Description
A delightful Blueberry Cream Cake featuring moist layers of vanilla cake, fresh blueberry filling, and fluffy whipped cream frosting. Perfectly balanced with a hint of lemon and vanilla, this elegant dessert is ideal for special occasions or a sweet everyday treat.
Ingredients
Scale
Cake
- 1 1/2 cups all-purpose flour
- 1 1/2 tsp baking powder
- 1/4 tsp salt
- 1/2 cup unsalted butter, softened
- 3/4 cup granulated sugar
- 3 large eggs
- 1 tsp vanilla extract
- 1/2 cup whole milk
Blueberry Filling
- 2 cups fresh or frozen blueberries
- 1/4 cup granulated sugar
- 1 tbsp lemon juice
- 1 tbsp cornstarch mixed with 1 tbsp water
Whipped Cream Frosting
- 2 cups heavy whipping cream
- 1/4 cup powdered sugar
- 1 tsp vanilla extract
Optional Garnish
- Fresh blueberries
- Lemon zest
- Mint leaves
Instructions
- Preheat oven and prepare pans: Preheat your oven to 350°F (175°C). Grease and line two 8-inch round cake pans with parchment paper to ensure easy removal after baking.
- Mix dry ingredients: In a medium bowl, whisk together the all-purpose flour, baking powder, and salt until well combined.
- Cream butter and sugar: In a large bowl, beat the softened butter and granulated sugar together until light and fluffy, which will help create a tender cake texture.
- Add eggs and vanilla: Beat in the eggs one at a time ensuring each is fully incorporated, then mix in the vanilla extract for flavor.
- Combine wet and dry ingredients: Gradually add the dry ingredients to the wet mixture in batches, alternating with the whole milk. Mix gently until just combined, being careful not to overmix for a light crumb.
- Bake the cake layers: Divide batter evenly between the prepared pans. Bake for 22–25 minutes or until a toothpick inserted into the center comes out clean. Remove from the oven and let cakes cool completely in the pans.
- Prepare blueberry filling: In a saucepan over medium heat, combine blueberries, granulated sugar, and lemon juice. Once the mixture starts bubbling, stir in the cornstarch slurry. Cook until the mixture thickens, then remove from heat and let it cool to room temperature.
- Make whipped cream: In a chilled bowl, whisk heavy whipping cream with powdered sugar and vanilla extract until stiff peaks form, ensuring the cream holds its shape for frosting.
- Assemble the cake: Place one cake layer on a serving plate. Spread an even layer of blueberry filling over it, then cover with a layer of whipped cream. Top with the second cake layer and frost the entire cake with the remaining whipped cream.
- Garnish and chill: Decorate the cake with optional fresh blueberries, lemon zest, and mint leaves.
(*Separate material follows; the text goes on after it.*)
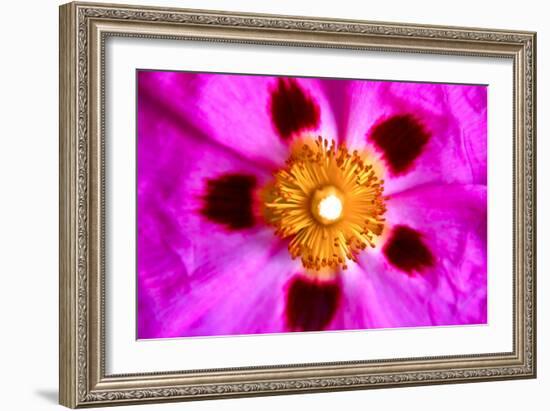 Pink Blossom-Martina Bleichner-Framed Art Print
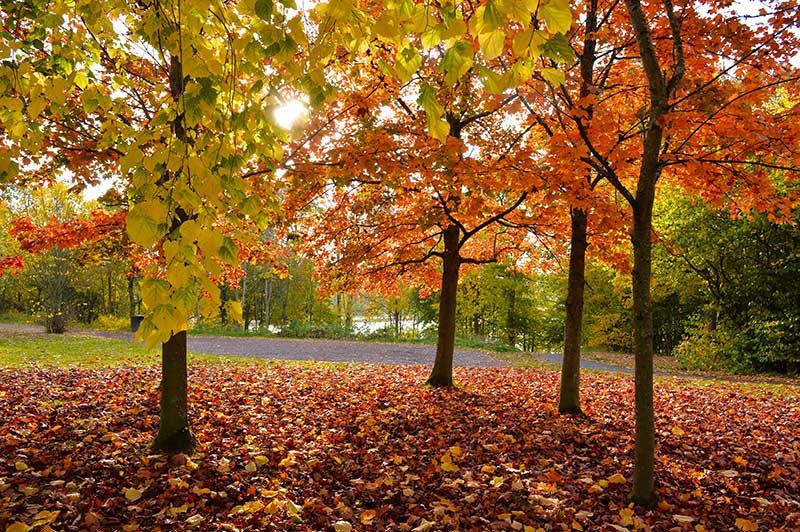 Strathclyde Country Park in Motherwell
Chill the cake in the refrigerator for at least 2 hours to set and enhance the flavors before serving.
Notes
- Use fresh or frozen blueberries according to availability; if using frozen, thaw and drain excess liquid before cooking.
- Ensure the cakes are completely cooled before assembling to prevent the whipped cream from melting.
- Optional garnishes enhance visual appeal and add fresh flavor but can be omitted if desired.
- For a more intense lemon flavor, add a teaspoon of lemon zest to the blueberry filling.
- Store any leftover cake covered in the refrigerator for up to 3 days for best freshness.